Wow, I can’t believe we’re into Season 2 of the podcast already! This season is going to be focused around giving you valuable information, education, and insights into savings and investments. I’ve chosen to dedicate a whole series to this topic for a few reasons; I get lots of questions about savings and investments from clients and in my Facebook community, from questions about the jargon involved in investing to the difference between saving and investing and how to get started.

So I really want to focus during this season on busting some myths and giving you some clear options around saving and investing. I have some fantastic guests lined up for the series, from professionals to ‘ordinary’ people like you and I. All of them have in some way overcome the struggles of knowing where to begin with saving and investing, and have gone on to make some really good financial decisions in these areas.

This particular episode is all about teaching children about money, which is something I have spoken about before. It’s well worth checking out episode 4 of season one of the podcast, when I spoke with Rob Gardner about teaching our children about money. He had some fabulous insights, and I really enjoyed the interview with him.

My guest today is Will Carmichael, the CEO of a company called Rooster money, which is a pocket money tracking app which has been designed to help parents take the first step of helping their children understand the value of money, and progress all the way to setting up their first bank account. Founded in 2016, Rooster money’s mission is to make saving for children easy, understandable, and fun.

I’ve been using Rooster money with my own children for around a year now, and the app is fabulous. It’s colourful and engaging, and gives you so many options to teach your children about money and saving, as well as the importance of giving.

Will and I talk in this episode about:

  • Pocket money
  • Whether pocket money is a good idea and the average amount given in the UK.
  • We also talk about the role that the digital world plays in how we manage our money
  • The importance of teaching our children about money in a digital world and
  • The importance of saving and investing for children.

Listen to the interview

Hi Will, can you tell us a little about yourself?

Sure. I’m the CEO of Rooster money and am based in London, although Rooster Money operates across several countries. I’m a dad of one myself, with our second baby due in 6 weeks time.

Congratulations, how exciting! So how did Rooster Money start?

We fundamentally believe that building confidence with money in our children is essential, and our mission is to change the way the world talks about money with children. So Rooster Money was designed as a framework to help parents have those conversation with their children early on.

There’s a huge amount of research showing that habit formation in money starts as young as 5, and if we start those habits early on they can stick with you for life. Over 40% of what we as adults do every day is down to the habits we have, so it’s a great opportunity to build positive, lifelong habits.

I find it extraordinary how quickly, easily, and adeptly children are able to pick up new language and skills compared to us as adults. So I really believe that we have a golden opportunity to start these conversations early.

What would be your tips to parents in terms of starting to have those conversations with their children?

I’m a firm believer in context, so it’s important to have these conversations, for example in shops when children want something. It doesn’t necessarily have to start with physical money either; many parents choose to begin with things like reward charts and stickers, for example, which ‘earn’ rewards.

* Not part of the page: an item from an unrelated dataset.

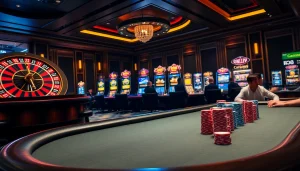 Experience thrilling gameplay at RR88 KJC with vibrant poker tables and exciting slot machines.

Beginning with a reward concept, you can teach children that they need to earn a certain amount of something, be it stars or money, in order to do an activity they’d like to do or exchange what they’ve earned for a reward of their choice.

As children get older, there are lots of opportunities around the home to have conversations about money. For example, if you’re trying to encourage your children not to leave lights on around the house, you can start talking to them about the cost of utilities. Talking to children about why we work and have jobs in order to earn money to pay for things like our homes and essentials is a really great way to start too.

I think it’s so important to relate money discussions to experiences and things that aren’t necessarily physical coins in a purse.

I think that’s true for adults too; thinking about the end game rather than just the pounds and pence themselves. It really comes down to the context, and building confidence with money really helps to shape whether we view money negatively or positively.

Talking about the value of things is a great conversation too. It’s not just about what something costs, but whether it is worth that amount of money to us.

Do you think as a society we put too much emphasis on understanding products (such as ISA’s etc) rather than understanding habits?

I think it’s important to start by knowing what your end game is. So if you’re thinking about money or perhaps wanting to start saving money, it’s important to know what you want to eventually do with that money?

This allows you to have a goal, but also to then choose the right product for your particular goal and end game. There are a lot of products out there, and one of the reasons I became interested in financial education was as a result of some research that showed that people will decide against using a financial product if they don’t understand it.

The Importance of Saving and Investing for Children Rooster Money Will Carmichael

For children, I think it’s important to look at the difference between them having money in an account to spend on treats, and saving and investing for their future. What are your thoughts on that Will?

So my perception is that saving is a concept, whereas investment is a type of saving. Typically, investments would be something that maybe have a higher risk factor attached to them, but that risk is mitigated by the likelihood of a higher return over a long period of time.

We know from research that saving for saving’s sake is really hard, so attaching a meaning or goal to our savings is important. It’s also important to decide whether you’re looking for something short or long term, as again this will help you to decide between cash savings and investing.

It can feel over-complicated in our minds can’t it? Do you think more work could be done to help people to feel more confident with investing?

Absolutely. I think being confident in making the right choices for you is so important. I think we have a really interesting opportunity with children to help them to understand their options from an early age. With my own son, we opted for a junior ISA which we chose to be invested into stocks and shares. Our aim is for him to be involved in discussions around what that money might be used for in his future, and to help to teach him about making sensible decisions with that money for his future.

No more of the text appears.